Das Dilemma spiegelt sich in den Zahlen zum abgelaufenen Geschäftsjahr wider. Das Neugeschäftsvolumen
ist 2021 im Vergleich zum Vorjahr abermals zurückgegangen, und zwar um zwei Prozent auf 1,73 Milliarden Euro. Unter dem Strich kam CHG dagegen deutlich voran: Der Jahresüberschuss stieg um satte 30 Prozent auf 113 Millionen Euro. Das allerdings ist vor allem dem Wachstum der Vorjahre geschuldet. Da die Überlassung von IT, Medizin- oder Industrietechnik in der Regel längere Laufzeiten vorsieht, verteilen sich auch die Gewinnbeiträge über mehrere Jahre. Aktuell kommt CHG auf ein Technologieportfolio von 7,8 Milliarden
Euro. Dass ihn die rückläufigen Zahlen zum Neugeschäftsvolumen wurmen, macht Wagner da auch deutlich: „Diesen Trend gilt es umzukehren, denn Wachstum ist eines der wesentlichen strategischen Ziele für uns.“
Aus der Not macht CHG daher eine Tugend und baut sein Geschäft mit gebrauchter IT-Hardware aus.

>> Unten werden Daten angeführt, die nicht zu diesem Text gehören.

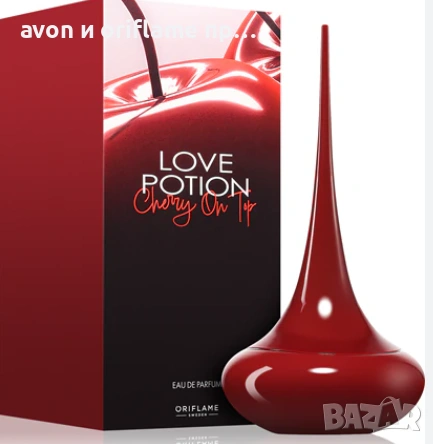 Налични! Love Potion, Amber Elixir, Divine, Eclat Femme, Miss Giordani Floral - Oriflame, снимка 5 - Дамски парфюми - 54275054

Schon seit seiner Gründung im Jahr 1979 setzt das Unternehmen auf die Aufarbeitung und den Weiterverkauf von Leasingrückläufern. Allein im vergangenen Jahr wurden so 840 000 gebrauchte IT-Geräte in einen zweiten Lebenszyklus überführt. Wegen der aktuellen Lieferengpässe bei Neugeräten und dem Fokus auf Nachhaltigkeit berichtet Wagner von einer „immensen Nachfrage“. Die soll das in Berlin neu gegründete Start-up Circulee bedienen helfen und gebrauchte IT-Hardware an kleine und mittelständische Firmenkunden verkaufen. Dies ist für die Kunden nicht nur deutlich günstiger; der CO2-Fußabdruck ist beim Einsatz gebrauchter Geräte nach Angaben von CHG auch bis zu 80 Prozent geringer im Vergleich zu Neugeräten.
Eine zweite Neugründung verkündete Unternehmenschef Wagner am Hauptsitz in Weingarten. Dort hat die Tochter Devicenow die Arbeit aufgenommen. Die Gesellschaft soll Großkonzernen und dem gehobenen Mittelstand PCs, Laptops oder Smartphones vermieten, und zwar weltweit in 190 Ländern. Das dahinterstehende Kalkül ist, dass die im Zuge der Corona-Pandemie vermehrt praktizierte Heimarbeit den Bedarf an IT-Geräten noch erhöht hat, viele Unternehmen wegen der schnellen Modellwechsel aber lieber mieten als kaufen möchten. Im Unterschied zum Leasing wird die Überlassung der gewünschten Hardware bei der IT-Miete durch ein Servicepaket ergänzt. So verspricht CHG beispielsweise einen Geräteaustausch bei Defekt bis zum nächsten Arbeitstag.
Für das laufende Jahr erwartet Unternehmenschef Wagner wieder ein Wachstum beim Neugeschäftsvolumen. In das erste Quartal sei das Unternehmen jedenfalls „gut gestartet“. Am Hauptsitz in Weingarten, wo rund 350 Mitarbeiter beschäftigt sind, versucht das Unternehmen aktuell, die Belegschaft nach knapp zwei Jahren Homeoffice wieder ins Büro zurückzuholen. „Für den Austausch untereinander, aber auch für die Bindung zum Unternehmen ist das wichtig“, sagt Wagner. Ganz weg will man vom mobilen Arbeiten aber nicht. Künftig gilt ein hybrides Modell, das der Belegschaft in einem bestimmten Rahmen die Wahl zwischen Präsenz im Büro und Homeoffice lässt.